When the old form of variable sorcery is forgotten, it is gone forever - unless copied again at a later date. While variable sorcery can be used to acquire any kind of magic power, it does not function on technology, regular or psi talents, or other knowledge. Furthermore, it cannot be used to copy non-magical powers; while variable sorcery could copy the teleportation spell, it can't copy the equivalent non-magical or psionic abilities.

As a spell, variable sorcery has a unique duration. While the power itself has an 'instantaneous' duration, its effects are continuous. Its wielder need not maintain variable sorcery to keep what they have acquired in this fashion, and if the power is blocked somehow (such as with annulment), it will return when that effect expires, leaving only when variable sorcery is reused to acquire a new ability.

Variable Talent
Type: Eclecticism Spell
Duration: special
Cost: 4 points (flat cost)

The character with a variable talent is capable of trading in one skill for another. When variable talent is invoked, it can copy a skill that anyone within one area possesses. This new skill will function at the level its original possessor had with it. Variable talent will not affect the source of the skill, and said source may in fact have no idea that his or her knowledge has been duplicated.

Once the variable talent is set, it remains available to the wielder of such until they duplicate a new skill, at which point they 'forget' the old talent and 'learn' the new one. Once the old form of variable talent is forgotten, it is gone forever - unless copied again at a later date. While variable talent can be used to acquire any skill, it does not function on powers of any stripe.
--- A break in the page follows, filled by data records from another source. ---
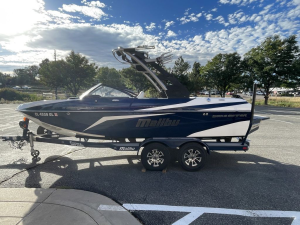 2017 Malibu Boats Wakesetter VLX for sale in DRAPER, Utah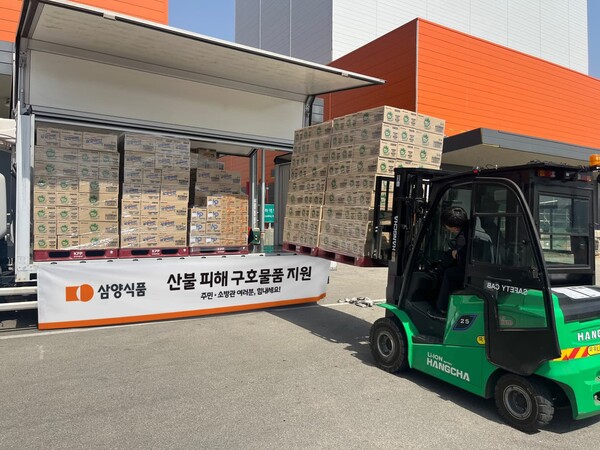 ▲26일 삼양식품 밀양공장에서 경상권 산불 피해 주민 등에게 보낼 물품을 지게차로 싣고 있다. ⓒ삼양식품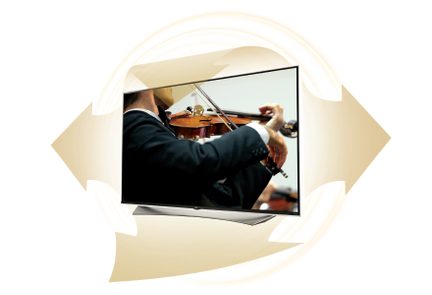 Nærbillede af musikere, der spiller violin, på en tv-skærm set forfra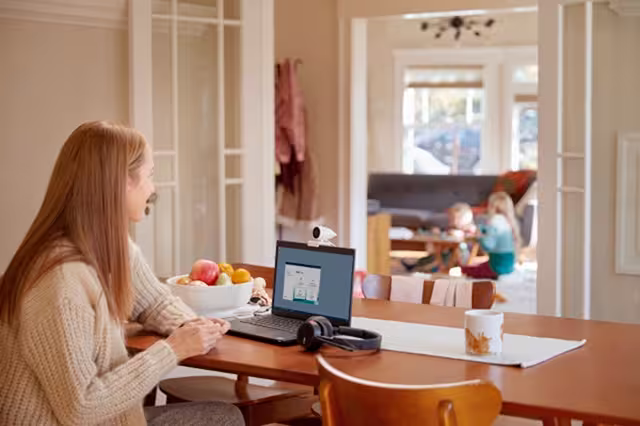 Poly Studio P5 USB Full HD Webcam Teams mit Autofokus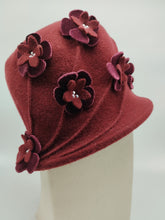 Carica l&#39;immagine nel visualizzatore di Gallery, Cappello - Winter&#39;s hat BORDEAUX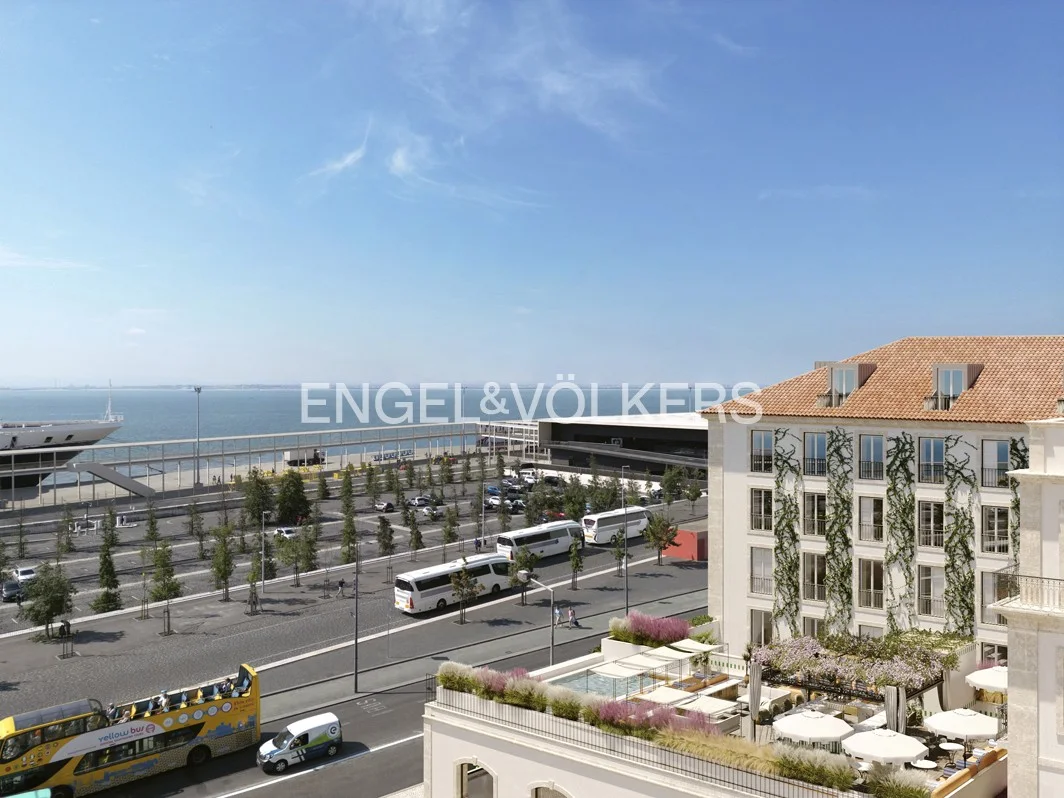 Luxurious “Serviced” 2-Bedroom Apartment with River view in Alfama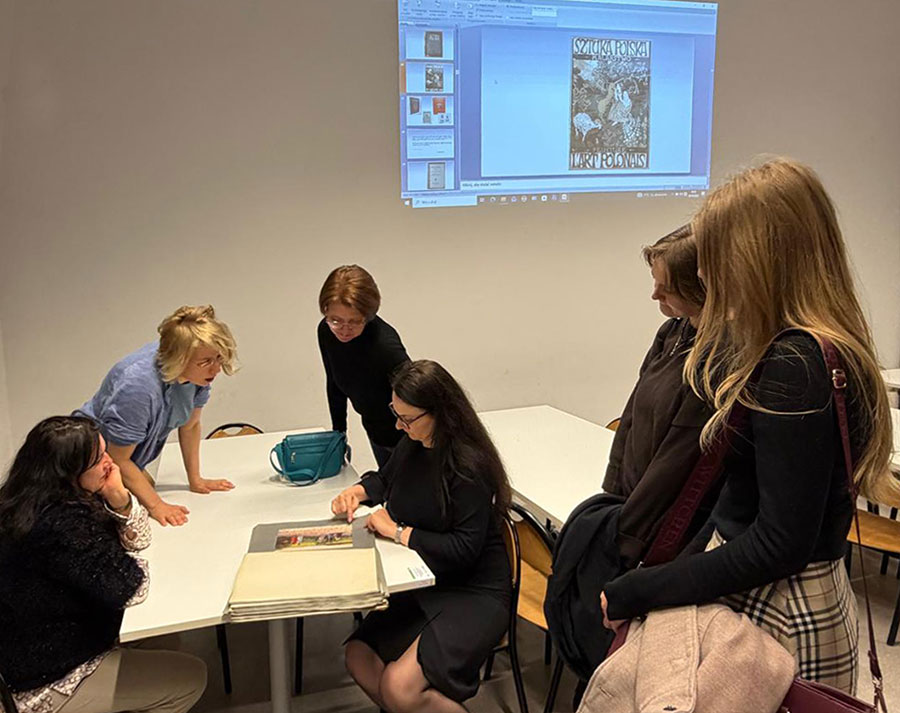 Fotorelacja z wykładu „Manggha” Jasieński – niezwykły kolekcjoner sztuki polskiej i japońskiej (oglądanie zabytkowego albumu malarstwa polskiego)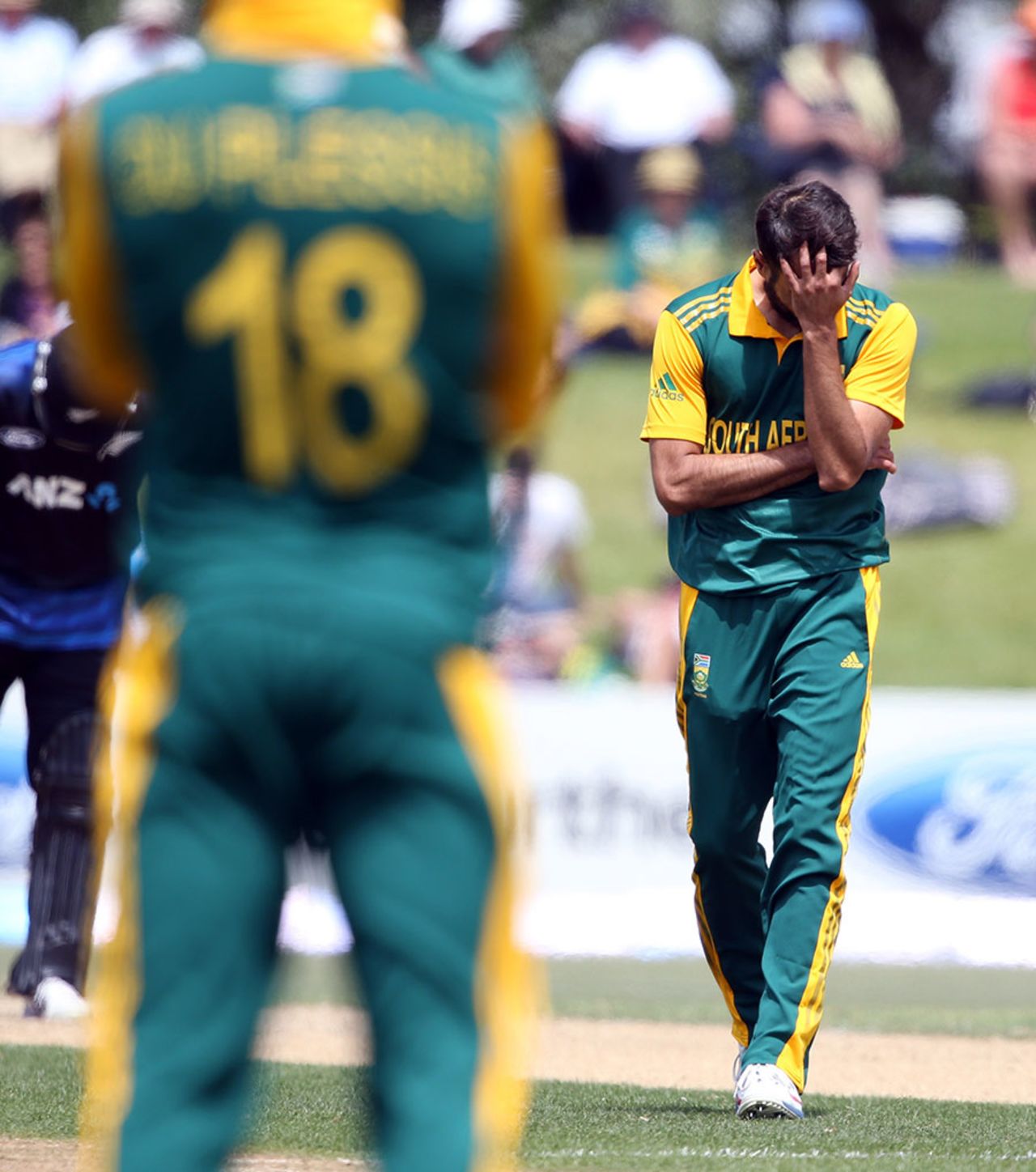 Imran Tahir is frustrated, New Zealand v South Africa, 1st ODI, Mount Maunganui, October 21, 2014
In other words, it can copy something like the physics talent, but not a mutant power, psionic ability, magical spell, or even a high tech device. Copying the talents of another is automatic - no FEAT roll required (as the power lacks a rank to speak of).

As a spell, variable talent has a unique duration. While the ability has an 'instantaneous' duration, its effects are continuous. Its wielder need not maintain variable talent to keep what they have acquired in this fashion, leaving only when variable talent is reused to acquire a new skill.

Vocal Control
Type: Eclecticism Spell
Duration: 1d10 turns + maintenance, if desired
Cost: 1 point per rank

While many characters can easily manipulate their voice to some extent, altering its pitch or sometimes producing a relatively accurate impersonation of someone else, the power of voice control enhances this ability to a super human degree. This allows the character with vocal control to engage in all manner of feats with their voice that are seemingly impossible - or that usually require a lifetime of training.

The simplest trick one can produce with vocal control is audio mimicry. A mere green power FEAT roll allows a character with vocal control to precisely reproduce any sound they have ever heard. The best sources of sound to mimic are live, as recordings invariably introduce some manner of distortion to the sound. However, most human ears cannot discern such in digital copies of sufficient quality.

Instead of just reproducing sounds one has heard previously, vocal control can also simulate similar noises. This derivative use of vocal control can create original sonic events, which is a great way to speak in someone else's voice if they haven't uttered the precise words one wants them to say. Others are allowed an Intuition (alt) FEAT, opposed by the vocal control power rank, to see through such a ruse.

Another valid use of vocal control is the fine art of speech throwing. By subtly altering the output of their vocal chords, characters with this power can create the illusion that sounds issuing forth from them are, in fact, coming from elsewhere. This use of vocal control also allows an Intuition (alt) FEAT to detect such a ruse, but can be used anywhere within Very Near distance of its wielder.

It's important to note that while a character with vocal control can produce all manner of sounds, they are still limited in the overall volume of such that they can produce. Without additional powers (such as sound generation), a vocal controller cannot produce inherently damaging noise; imitating the sonic attacks (or whatever) of another character will simply produce their racket at a non-damaging level.